YOUR INSTRUCTIONS:
Every line of the records below from the line with "George Nelson for" up to and including the line with "Havalimanlarında yeni dönem: Kağıt" must be reproduced exactly, and no line outside that range.
BEGIN AVAILABLE DATA
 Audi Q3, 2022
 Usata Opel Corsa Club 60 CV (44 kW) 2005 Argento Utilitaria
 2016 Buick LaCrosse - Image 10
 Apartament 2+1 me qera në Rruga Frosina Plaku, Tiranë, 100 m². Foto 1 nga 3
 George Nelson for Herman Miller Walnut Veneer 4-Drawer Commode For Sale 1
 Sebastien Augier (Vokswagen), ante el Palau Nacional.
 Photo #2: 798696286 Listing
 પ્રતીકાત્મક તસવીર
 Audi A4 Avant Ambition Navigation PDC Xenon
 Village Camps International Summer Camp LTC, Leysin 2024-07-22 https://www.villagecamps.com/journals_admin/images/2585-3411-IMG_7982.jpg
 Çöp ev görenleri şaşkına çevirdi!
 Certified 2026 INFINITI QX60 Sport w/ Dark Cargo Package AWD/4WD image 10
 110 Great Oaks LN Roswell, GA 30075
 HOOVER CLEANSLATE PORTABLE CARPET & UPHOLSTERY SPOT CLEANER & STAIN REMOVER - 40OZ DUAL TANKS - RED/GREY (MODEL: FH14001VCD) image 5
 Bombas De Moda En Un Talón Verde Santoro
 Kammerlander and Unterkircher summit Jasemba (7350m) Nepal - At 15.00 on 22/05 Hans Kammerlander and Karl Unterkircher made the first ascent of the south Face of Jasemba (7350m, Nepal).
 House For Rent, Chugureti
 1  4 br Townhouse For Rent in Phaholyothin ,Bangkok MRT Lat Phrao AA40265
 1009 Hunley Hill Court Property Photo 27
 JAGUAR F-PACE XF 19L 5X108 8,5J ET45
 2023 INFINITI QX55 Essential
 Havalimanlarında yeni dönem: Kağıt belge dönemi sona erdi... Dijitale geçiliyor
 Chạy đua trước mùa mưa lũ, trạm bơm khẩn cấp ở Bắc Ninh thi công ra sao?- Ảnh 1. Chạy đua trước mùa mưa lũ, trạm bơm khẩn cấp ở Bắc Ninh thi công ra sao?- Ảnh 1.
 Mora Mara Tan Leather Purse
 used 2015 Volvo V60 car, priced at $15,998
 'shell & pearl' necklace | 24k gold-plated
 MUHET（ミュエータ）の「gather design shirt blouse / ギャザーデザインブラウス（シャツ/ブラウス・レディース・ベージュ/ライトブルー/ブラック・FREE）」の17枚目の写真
END AVAILABLE DATA
SOLUTION TO THIS EXERCISE:
 George Nelson for Herman Miller Walnut Veneer 4-Drawer Commode For Sale 1
 Sebastien Augier (Vokswagen), ante el Palau Nacional.
 Photo #2: 798696286 Listing
 પ્રતીકાત્મક તસવીર
 Audi A4 Avant Ambition Navigation PDC Xenon
 Village Camps International Summer Camp LTC, Leysin 2024-07-22 https://www.villagecamps.com/journals_admin/images/2585-3411-IMG_7982.jpg
 Çöp ev görenleri şaşkına çevirdi!
 Certified 2026 INFINITI QX60 Sport w/ Dark Cargo Package AWD/4WD image 10
 110 Great Oaks LN Roswell, GA 30075
 HOOVER CLEANSLATE PORTABLE CARPET & UPHOLSTERY SPOT CLEANER & STAIN REMOVER - 40OZ DUAL TANKS - RED/GREY (MODEL: FH14001VCD) image 5
 Bombas De Moda En Un Talón Verde Santoro
 Kammerlander and Unterkircher summit Jasemba (7350m) Nepal - At 15.00 on 22/05 Hans Kammerlander and Karl Unterkircher made the first ascent of the south Face of Jasemba (7350m, Nepal).
 House For Rent, Chugureti
 1  4 br Townhouse For Rent in Phaholyothin ,Bangkok MRT Lat Phrao AA40265
 1009 Hunley Hill Court Property Photo 27
 JAGUAR F-PACE XF 19L 5X108 8,5J ET45
 2023 INFINITI QX55 Essential
 Havalimanlarında yeni dönem: Kağıt belge dönemi sona erdi... Dijitale geçiliyor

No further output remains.